Reed Community Celebrates Canyon Day

Photo courtesy of Reed College

Photo courtesy of Reed College

This past Saturday, October 27, Reed students and community members alike gathered to celebrate Canyon Day on one of the last sunny days of this fall. Canyon Day, which takes place once each semester, is Reed’s oldest tradition, at least according to the banner hung outside the Gray Campus Center (GCC) over the weekend.

From 9:00 a.m. to 3:00 p.m., students, alumni, neighbors, and other community members congregated at the west end of the canyon near Sequoia, cleaning up and revitalizing its understory, and, this year, repurposing an old bottle of Pinot Grigio found in the search. While a key part of the ritual is caring for the canyon, Grounds Specialist Zac Perry emphasized that the event is first and foremost a celebration of the Canyon and its role in Reed campus life.

Participants spent the morning digging up weeds, and in particular the pernicious Hedera helix, or English Ivy, an invasive species in the Pacific Northwest that often strangles the poor ferns in the understory of the Reed Canyon. With the help of the Canyon Day crew, the ferns could breathe once again. For lunch, Sustainability Coordinator Hayden Henderson and other members of Greenboard made “a shit ton of vegan black bean burgers,” as Sky Ford ‘21 put it. In the afternoon, participants starting planting new fern and oxalis species where the English Ivy had been before after having cleared enough space for new plants to grow.

When asked why they like Canyon Day, Ford told the Quest that the event is “one of the few times when Reed students interact with the neighborhood, and it’s nice to get to know the people who live around here. I work in the canyon and I do the same kind of work we do at Canyon Day — restoration, taking out invasive species — but the amount [of work] we get done on Canyon Day is incomparable to what we get done during shifts.”

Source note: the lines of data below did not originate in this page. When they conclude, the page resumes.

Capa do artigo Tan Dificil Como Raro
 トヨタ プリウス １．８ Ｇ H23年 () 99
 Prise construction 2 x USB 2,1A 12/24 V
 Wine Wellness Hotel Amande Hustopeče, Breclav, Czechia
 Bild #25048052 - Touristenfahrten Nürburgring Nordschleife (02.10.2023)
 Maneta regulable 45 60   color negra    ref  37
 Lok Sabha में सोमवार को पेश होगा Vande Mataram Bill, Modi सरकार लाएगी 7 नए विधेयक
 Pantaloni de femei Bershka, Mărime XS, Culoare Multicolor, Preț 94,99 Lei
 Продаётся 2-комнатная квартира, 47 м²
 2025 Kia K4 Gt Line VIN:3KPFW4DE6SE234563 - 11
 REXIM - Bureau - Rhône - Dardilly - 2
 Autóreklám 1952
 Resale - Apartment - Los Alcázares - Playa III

Taking breaks in their weeding and planting, participants enjoyed homemade sorbet made by Sustainability Coordinator Bella Brownwood. After people took guesses at some of the more interesting flavors on offer, Brownwood revealed the secrets of her creations: lemon basil, coconut chai, quince, plum, and, apple — fitting for the fall day. Perry also brought the bicycle-powered apple cider press that was gifted to Reed as part of the celebrations for Reed’s Centennial.

Brownwood ‘19 believes it is important to keep traditions like Canyon Day alive at Reed. “It is really important for people to feel some ownership over the canyon,” she explained.  “Letting people work pulling weeds and planting gives them some of that ownership. In this way people feel invested in its well-being and success.” On a personal level, she added, “it is really nice for me to have a day every semester to get out and dig in the dirt.” As an organizer, Brownwood has enjoyed trying to continually improve the event (“no more disposable cups! Or single use peanut butter things!”). She thought this year’s event was a success.

Ford, who has been to multiple Canyon Days, thought that the music on offer put the event over the top. “What was really good about this year was [that] the music was incredible,” Ford said. “We had a group of students who came into the canyon itself. It was kind of impromptu. Groups were scheduled to show up, but they played together and jammed together.” At one point, a young toddler from the neighborhood sat enthralled, eating her bean burger and listening to the musicians’ rendition of “While My Guitar Gently Weeps.”

Reflecting on his experience at Canyon Day, Simon Couch ‘21 said, “at least for me, Canyon Day has always been a good reminder to spend time in the canyon. I always leave Canyon Day feeling really appreciative of that space and more motivated to make an effort to get out there more often.”

Although one of Reed’s oldest traditions, Canyon Day will continue for years to come.